Праздник последнего помола - страница 11

стр.

Ему трудно было держать тяжелый, но приятный для рук руль. И чтобы легче было работать, он вспоминал разные прибаутки или напевал любимую песню, но, задыхаясь, — а может быть, чересчур увлекшись, — переставлял на свой лад некоторые слова: «Мы мир… мы старый мир… разрушим до основанья… а затем… мы новый мир себе… построим».

Ливень, чего и следовало ожидать, продолжался недолго, несколько минут. Лядовский, как и поутру, любовался дивной картиной природы: все вокруг, точно искупавшись в потоках теплой воды, сверкало сочными красками. Он знал, о чем думают люди, он слышал, что они говорят, радостно возбужденные от предчувствия скорого завершения работы; из их слов и мыслей в его воображении возникали фантастические образы, которым трудно подобрать название, как трудно определить то, что создают облака из света и тени и что рождает в душе голос Оксаны Петрусенко или Бориса Гмыри. Это нечто, возникавшее в воображении Лядовского, звучало и переливалось голубовато-сиреневыми нежными красками и постепенно растворилось в его крови, в бездонной глубине неба, в бесконечных земных далях — там, где родилось. Глубоко потрясенный пережитым, Прокоп Лядовский перевел дух, словно очнувшись от радостного забытья.

Лошади уже оставили позади тяжелую пашню и, фыркая от усталости, бредут, пощипывая траву, по покрытому росой лужку подле хаты. Прокоп передает руль погонщику Федьку: поставь, дескать, сеялку рядом с трактором, а лошадей пусти на подножный корм.

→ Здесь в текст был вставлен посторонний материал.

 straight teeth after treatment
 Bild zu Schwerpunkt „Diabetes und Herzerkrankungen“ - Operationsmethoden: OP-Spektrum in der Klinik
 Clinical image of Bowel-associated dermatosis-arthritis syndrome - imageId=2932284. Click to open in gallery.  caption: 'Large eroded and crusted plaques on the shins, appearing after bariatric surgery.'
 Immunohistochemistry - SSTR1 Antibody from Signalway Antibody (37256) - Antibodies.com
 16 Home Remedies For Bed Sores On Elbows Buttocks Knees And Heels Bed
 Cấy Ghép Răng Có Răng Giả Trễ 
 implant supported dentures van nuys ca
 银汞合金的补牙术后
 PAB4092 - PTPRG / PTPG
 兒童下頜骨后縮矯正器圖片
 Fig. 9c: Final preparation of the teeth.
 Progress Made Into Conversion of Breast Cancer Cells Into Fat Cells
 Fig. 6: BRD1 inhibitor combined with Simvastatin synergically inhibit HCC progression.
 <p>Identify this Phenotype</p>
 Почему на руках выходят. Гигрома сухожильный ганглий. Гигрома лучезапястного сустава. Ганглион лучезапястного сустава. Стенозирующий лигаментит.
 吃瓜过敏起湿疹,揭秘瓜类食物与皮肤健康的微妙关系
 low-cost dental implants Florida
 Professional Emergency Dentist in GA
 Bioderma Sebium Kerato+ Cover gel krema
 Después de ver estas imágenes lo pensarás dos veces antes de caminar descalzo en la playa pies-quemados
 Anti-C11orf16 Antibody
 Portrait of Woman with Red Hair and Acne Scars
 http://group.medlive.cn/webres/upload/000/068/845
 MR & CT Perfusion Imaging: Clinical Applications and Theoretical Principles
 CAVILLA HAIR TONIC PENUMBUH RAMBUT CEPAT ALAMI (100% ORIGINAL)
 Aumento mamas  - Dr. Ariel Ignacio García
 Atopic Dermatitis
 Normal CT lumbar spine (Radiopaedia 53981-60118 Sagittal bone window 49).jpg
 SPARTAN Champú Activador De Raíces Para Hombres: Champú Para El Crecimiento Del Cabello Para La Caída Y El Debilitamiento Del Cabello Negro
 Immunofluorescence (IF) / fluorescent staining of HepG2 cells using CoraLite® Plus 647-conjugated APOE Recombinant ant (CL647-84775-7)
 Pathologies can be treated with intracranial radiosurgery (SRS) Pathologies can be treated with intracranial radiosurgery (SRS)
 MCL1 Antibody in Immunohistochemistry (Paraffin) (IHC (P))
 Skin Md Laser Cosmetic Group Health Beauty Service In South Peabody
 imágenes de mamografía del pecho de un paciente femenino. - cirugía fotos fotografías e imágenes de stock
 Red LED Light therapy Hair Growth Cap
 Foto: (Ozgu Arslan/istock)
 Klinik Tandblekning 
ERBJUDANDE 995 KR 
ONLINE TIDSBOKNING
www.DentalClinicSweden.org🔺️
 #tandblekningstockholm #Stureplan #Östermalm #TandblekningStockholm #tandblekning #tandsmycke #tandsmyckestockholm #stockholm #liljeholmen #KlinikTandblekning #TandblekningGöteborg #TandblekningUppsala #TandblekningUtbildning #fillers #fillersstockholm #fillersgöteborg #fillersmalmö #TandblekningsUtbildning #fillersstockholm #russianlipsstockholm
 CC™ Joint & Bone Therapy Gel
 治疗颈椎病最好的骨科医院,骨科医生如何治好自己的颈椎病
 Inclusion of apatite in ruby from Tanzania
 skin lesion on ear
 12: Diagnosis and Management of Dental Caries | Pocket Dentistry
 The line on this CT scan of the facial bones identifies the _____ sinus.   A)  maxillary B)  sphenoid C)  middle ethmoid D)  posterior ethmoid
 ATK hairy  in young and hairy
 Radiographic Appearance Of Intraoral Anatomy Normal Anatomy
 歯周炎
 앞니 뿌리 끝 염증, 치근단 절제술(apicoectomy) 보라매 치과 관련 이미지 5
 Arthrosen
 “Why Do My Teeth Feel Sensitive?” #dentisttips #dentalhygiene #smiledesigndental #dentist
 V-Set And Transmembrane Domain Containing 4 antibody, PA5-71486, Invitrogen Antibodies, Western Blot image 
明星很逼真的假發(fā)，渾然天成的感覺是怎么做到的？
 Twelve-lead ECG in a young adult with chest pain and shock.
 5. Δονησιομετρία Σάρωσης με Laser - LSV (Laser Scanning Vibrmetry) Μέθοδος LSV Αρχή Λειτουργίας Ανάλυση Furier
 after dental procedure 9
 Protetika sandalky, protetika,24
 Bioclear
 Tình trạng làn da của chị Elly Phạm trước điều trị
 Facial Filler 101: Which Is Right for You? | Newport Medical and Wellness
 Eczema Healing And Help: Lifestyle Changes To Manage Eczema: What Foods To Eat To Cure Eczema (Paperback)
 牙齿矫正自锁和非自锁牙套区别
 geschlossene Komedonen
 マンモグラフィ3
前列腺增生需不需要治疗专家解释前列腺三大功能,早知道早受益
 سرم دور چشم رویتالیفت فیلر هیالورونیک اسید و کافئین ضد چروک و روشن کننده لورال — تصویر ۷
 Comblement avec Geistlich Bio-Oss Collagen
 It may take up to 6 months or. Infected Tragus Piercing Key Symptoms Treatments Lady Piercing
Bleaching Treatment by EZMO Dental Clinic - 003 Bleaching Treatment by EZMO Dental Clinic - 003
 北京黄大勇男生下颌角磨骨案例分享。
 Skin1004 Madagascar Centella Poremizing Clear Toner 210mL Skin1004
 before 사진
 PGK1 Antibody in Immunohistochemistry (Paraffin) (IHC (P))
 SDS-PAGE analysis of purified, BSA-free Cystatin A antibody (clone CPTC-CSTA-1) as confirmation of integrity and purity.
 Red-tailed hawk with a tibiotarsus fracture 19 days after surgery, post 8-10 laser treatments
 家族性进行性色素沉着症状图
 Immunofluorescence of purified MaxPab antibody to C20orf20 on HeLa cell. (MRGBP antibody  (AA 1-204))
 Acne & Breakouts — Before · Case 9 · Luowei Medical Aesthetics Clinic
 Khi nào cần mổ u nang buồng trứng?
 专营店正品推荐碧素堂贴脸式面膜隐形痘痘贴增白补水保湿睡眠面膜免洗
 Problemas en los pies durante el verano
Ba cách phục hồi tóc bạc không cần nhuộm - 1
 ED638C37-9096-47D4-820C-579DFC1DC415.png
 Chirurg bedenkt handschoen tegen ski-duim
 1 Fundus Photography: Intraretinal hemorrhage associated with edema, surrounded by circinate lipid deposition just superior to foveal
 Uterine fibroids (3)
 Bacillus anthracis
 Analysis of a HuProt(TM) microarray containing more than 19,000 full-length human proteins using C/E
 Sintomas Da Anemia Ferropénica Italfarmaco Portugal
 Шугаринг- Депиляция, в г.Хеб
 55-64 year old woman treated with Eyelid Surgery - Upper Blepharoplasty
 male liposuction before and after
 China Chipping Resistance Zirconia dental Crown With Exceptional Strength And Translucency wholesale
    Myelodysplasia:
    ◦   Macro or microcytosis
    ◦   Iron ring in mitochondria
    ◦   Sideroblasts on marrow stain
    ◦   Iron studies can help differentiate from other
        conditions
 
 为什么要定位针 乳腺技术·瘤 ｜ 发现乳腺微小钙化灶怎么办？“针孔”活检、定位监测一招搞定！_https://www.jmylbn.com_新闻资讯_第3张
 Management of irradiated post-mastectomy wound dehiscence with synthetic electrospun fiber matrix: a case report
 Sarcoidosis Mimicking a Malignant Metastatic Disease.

Бригадир торопился: хотелось под настроение сказать людям что-нибудь важное и очень сердечное.

— Объясните, что тут происходит? — спросил он, входя в хату и останавливаясь около Василины. — Музыка играет, на столе еды на двенадцать косарей…

— Не кричи, бригадир… Разве тебе твой погонщик ничего не сказал? А нам он еще утром открыл секрет: нашей Тане, кухаркиной помощнице, двоюродной сестре Олены Кабачкивны, нынче исполнилось шестнадцать лет. — Василина, крестная мать Тани, плачет от радости, обнимая названую дочь.

— Вы останетесь с нами? Пожалуйста, прошу вас… очень прошу, Прокоп… — Девушка смутилась, забыв его отчество.

Прокоп привлек Таню к себе и поцеловал в обе щеки.

Я, несказанно изумленный, смотрел в лицо незнакомой девушке: почему я не знал, что у Олены есть сестра с такими же, как у нее, глазами?..

Дороги

Самому себе на удивление, я совсем было привык к городу; ничто мне здесь не мешало, и сам я никому не мешал. Привык к шуму, к тесноте, к очередям. Порой казалось, будто я и родился в городе. И вдруг неизвестно почему все переменилось: мучительная тоска по родным местам овладела мною.

А началось все так. Заглянул я как-то на предпраздничную ярмарку. Смотрю: трое мужчин продают корову. На одном из них точно такая же сермяга из рыжевато-черного домотканого сукна, какую носил когда-то мой отец. Потом, помнится, отцова сермяга лежала на чердаке и мать прикрывала ею на зиму лук. Я боролся с собой, пытался избавиться от тоски и связанных с нею воспоминаний. Но, видно, она была сильнее меня и всего, что я старался противопоставить ей.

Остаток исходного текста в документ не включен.